There was a calm atmosphere amid the excitement, and the drugs meant that people weren't frantic. In the park across the road from the shop there were often concerts and when I took my baby, I was concerned that there might be trouble. I needn't have worried; most people were lying around gazing at the planets above.

I really don't think that time was as raunchy as everyone says it was. With binge drinking today, people behave far worse! What characterised that summer was the way that everything was so peaceful and dreamy, yet there was such a sense of high energy.

Celia Birtwell, 66, fashion designer

It's always tricky trying to remember that summer, for obvious reasons. A friend of mine says that we fell asleep in a field and didn't wake up again until the Eighties. What is clearly impressed on my mind is the powerful smell of that era. I remember that Pattie Boyd sent me a card from India, which she doused in Petuli perfume. It's this scent that really epitomises that time for me. This, combined with visions of happy people wearing headbands and the light and the outdoors, is what I find when I try to crystallise those moments in my mind. It probably wasn't such an idyllic scene as that which I recall, but things were certainly less hectic. I could never have foreseen the spread of CCTV and parking controls and the effect of a Big Brother state.

It was a sweeter time really, with a bigger sense of innocence, but I was young so inevitably life was different. I was in my early twenties and we were all quite relaxed sexually, and we really believed in the power of music. There was a stream of parties and dancing, which I'll always remember fondly. I was always very scared of acid, though I lived closely to it. The thought that it was a mind-altering drug haunted me. I knew there was a possibility that I'd never come back from a trip and once I took a small tab and everything looked like skeletons, so I didn't pursue it. Weed was quite different, it was a natural drug that I enjoyed.
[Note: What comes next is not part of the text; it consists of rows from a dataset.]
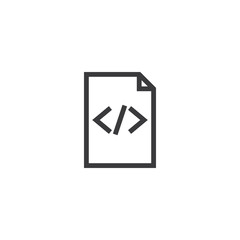 Document paper outline icon. isolated note paper icon in thin line style for graphic and web design. Simple flat symbol Pixel Perfect vector Illustration.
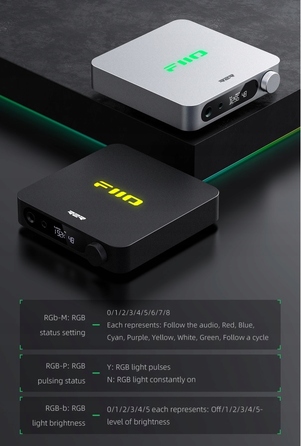 Підсилювач для навушників та ЦАП FiiO K11 R2R (чорний) з балансним виходом 4.4 мм та SE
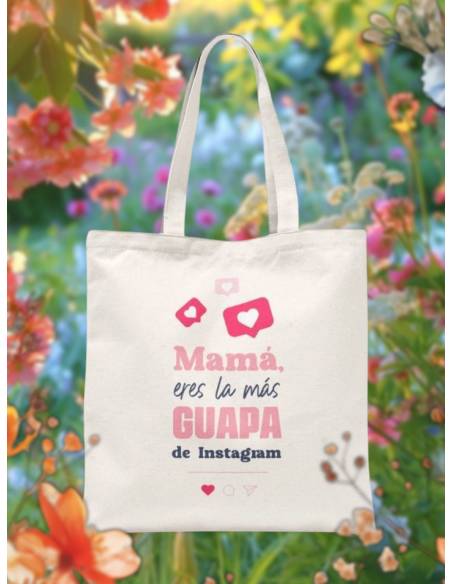 BOLSA ALGODON MAMA INSTAGRAM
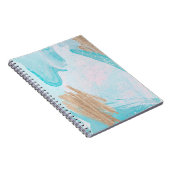 Abstraktes Watercolor-Notebook Notizblock (Rechte Seite)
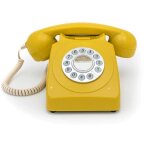T�l�phone fixe - gpo - 746 - jaune - filaire - sonnerie cloche traditionnelle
Park parties were prevalent then, and living in Notting Hill, which at that time was very shabby, the carnival played a big part in my summer. It was a joyous occasion that brought people together. I'll always recall my first experience of carnival, seeing a truck driving down the street with a big steel band on top of it. It makes me sad that it only ever attracted world press for being nasty and presenting trouble.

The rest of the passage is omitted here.